> **Recorded data**
----
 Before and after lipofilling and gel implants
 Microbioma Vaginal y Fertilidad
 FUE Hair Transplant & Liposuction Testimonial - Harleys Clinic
----
> **Work item**
Please write out the whole listing exactly as given.

> **Solution**
 Before and after lipofilling and gel implants
 Microbioma Vaginal y Fertilidad
 FUE Hair Transplant & Liposuction Testimonial - Harleys Clinic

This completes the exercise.